Not Fade Away (2012)
The late, great James Gandolfini reunites with director David Chase (“The Sopranos”) for this film about a musician rising out of 1960’s suburbia who, for various reasons, doesn’t quite get far enough. If nothing else, this movie is worth a watch for its great soundtrack.
Bo Burnham: what. (2013)
The semi-awkward, sometimes musical, north of Boston comedian has a new YouTube comedy special, which is also available on Netflix instant stream if you’d prefer a larger screen.

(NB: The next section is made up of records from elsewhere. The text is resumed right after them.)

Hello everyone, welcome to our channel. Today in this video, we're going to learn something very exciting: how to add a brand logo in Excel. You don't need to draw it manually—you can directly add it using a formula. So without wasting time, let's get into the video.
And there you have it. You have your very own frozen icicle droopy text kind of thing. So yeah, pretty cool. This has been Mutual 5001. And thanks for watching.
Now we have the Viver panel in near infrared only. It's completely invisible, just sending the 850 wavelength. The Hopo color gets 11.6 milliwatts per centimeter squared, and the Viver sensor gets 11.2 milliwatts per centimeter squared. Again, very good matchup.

The youngster does some musical numbers, poetry recitations, and some masturbation pantomimes.
Academy Award-winner Diablo Cody directs this film with a surprisingly robust cast (Julianne Hough, Russell Brand, Octavia Spencer, Nick Offerman, and more). But this off-beat film about a Montana girl headed for Las Vegas doesn’t look nearly as enticing as “Juno” did.
Punk in Africa (2012)
A documentary following the multiracial punk movement in three African countries amid political and social revolutions.
Little Birds (2012)
This story of two small town teenagers escaping to Los Angeles received mixed reviews from critics, but could be a good pick if you’re looking for a coming-of-age type of film. If you need a movie with emotion, maybe even too much emotion, this is a decent way to spend your time.

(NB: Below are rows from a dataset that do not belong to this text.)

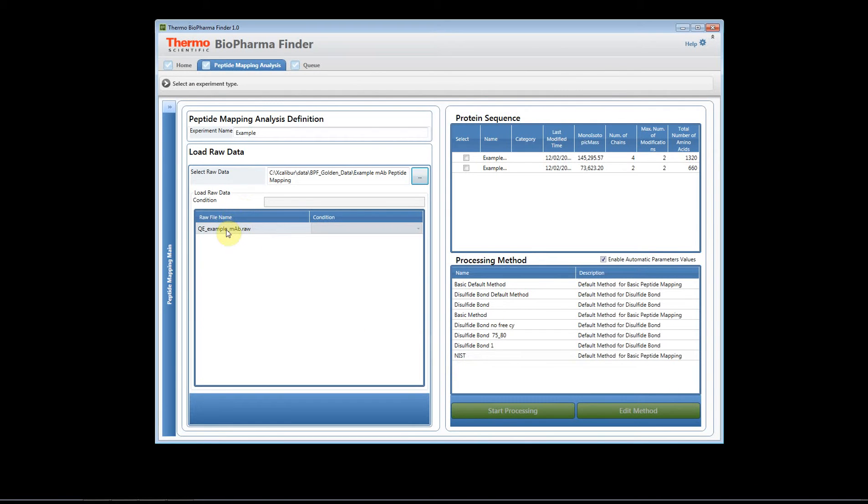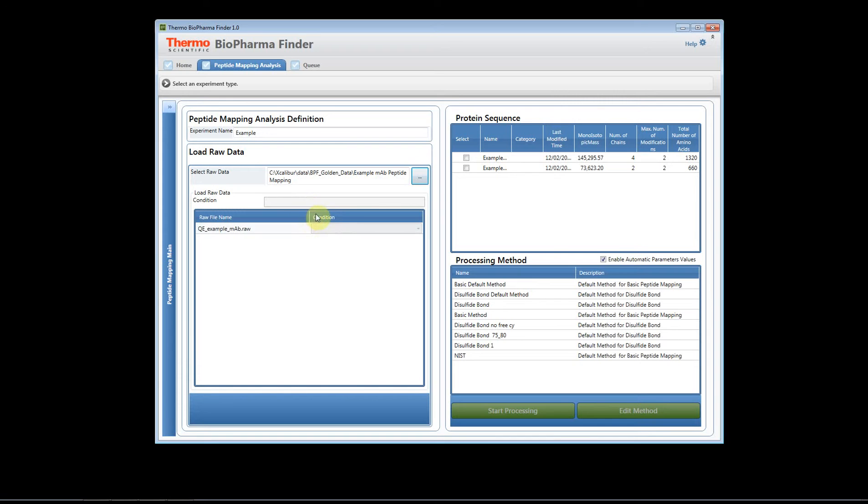Now if we have more than one file, which I will also do another help video to show an example where we do a comparative analysis, you'll actually be able to assign the different conditions for the raw files.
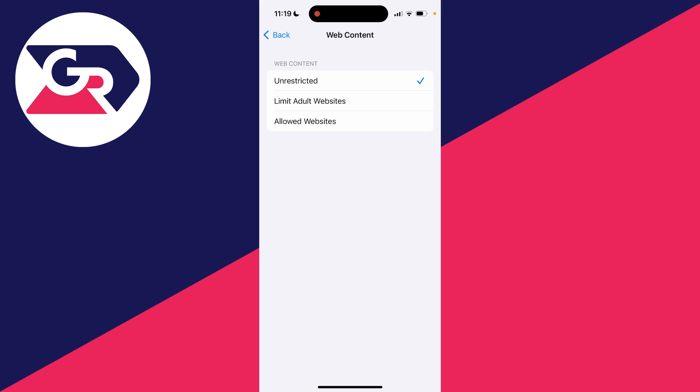As you can see, at the moment mine is set to unrestricted. I'm going to click on limit adult websites. Now you've limited the access to many adult websites automatically.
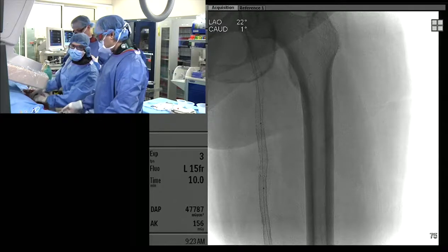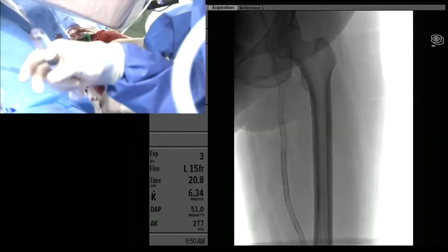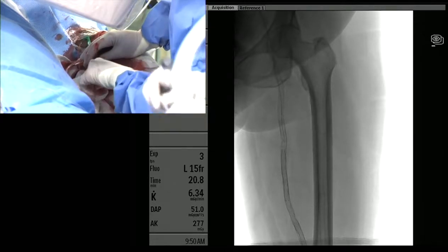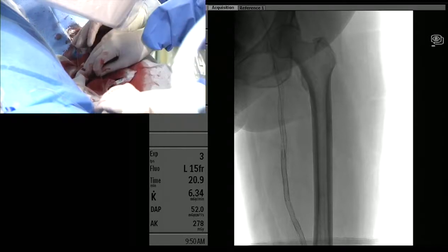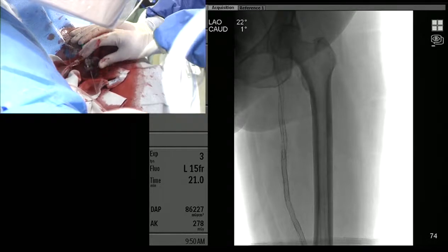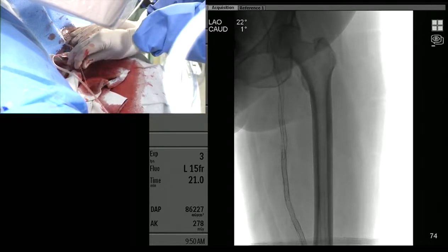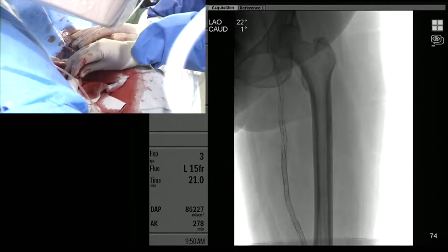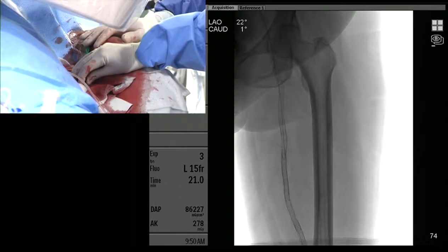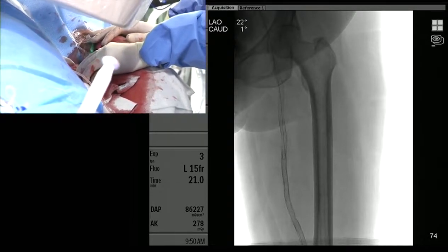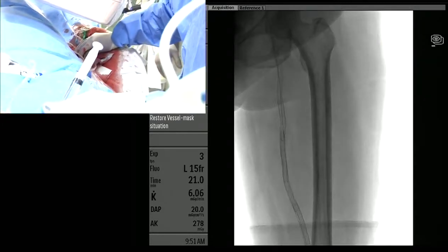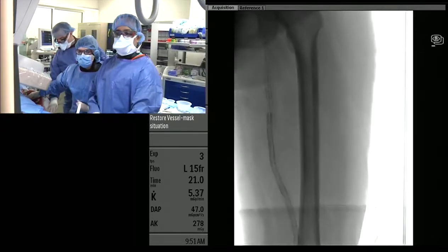We had to remove the 2A because we could not reach down there. What we ended up doing was actually re-stenting that segment. The DCB did not fit through the six-French guide, even though it should have. So we re-stented that area — took it to 6 millimeters — and the angioplasty alone didn't really change much in the area of the new stent fracture.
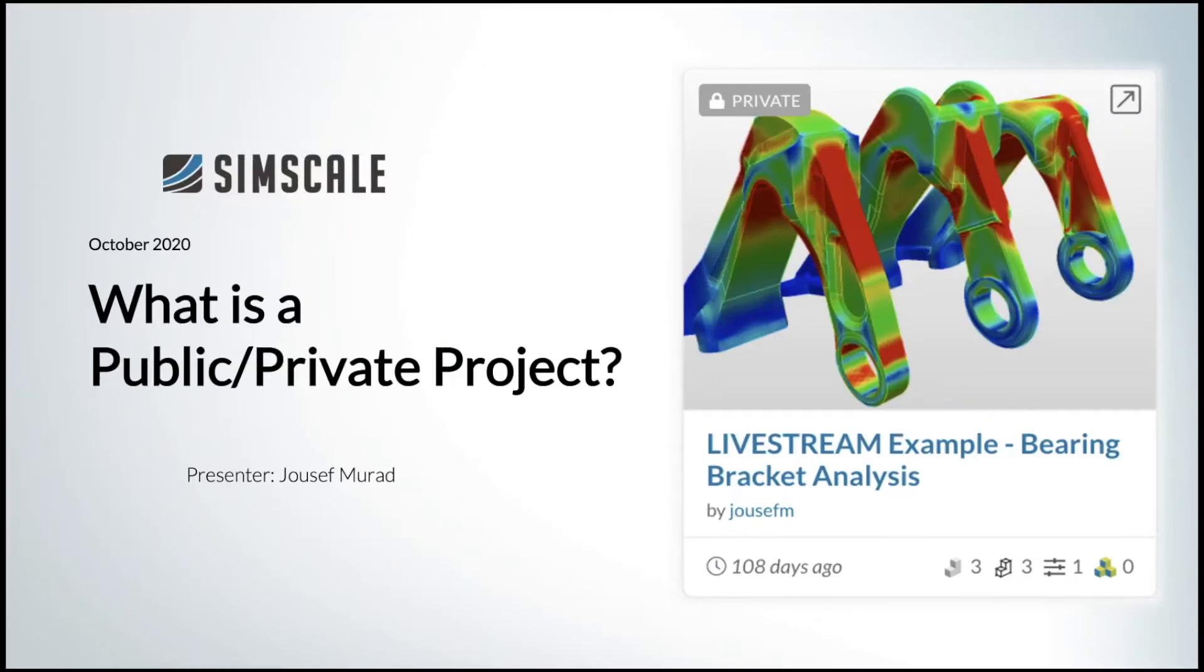Hi and welcome to the first video of our SimScale FAQ session. In this session we will cover the question: what is a public or private project?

This documentary from Academy Award winning director Freida Lee Mock highlights the story of Homeboy Industries, the largest and most successful gang intervention and rehab program in the US. G-Dog is an old white Jesuit priest who becomes an expert in gang lives and carries this surprisingly feel-good flick.
Lost and Found in Armenia (2013)
Jamie Kennedy stars as an American tourist who gets falsely accused of being a Turkish spy in a comedy that the Washington Post’s Sean O’Connell calls, “A broad, silly, dated, and insensitive mistake of a movie.” But then again, 73 percent of the audience on Rotten Tomatoes liked it.
Director Shaka King’s debut features a marijuana-induced love triangle in a dramedy that’s good for laughs, though it can be taken seriously. It’s not just for stoners, either. But if you get stoned and watch it, I’m sure that’s cool, too.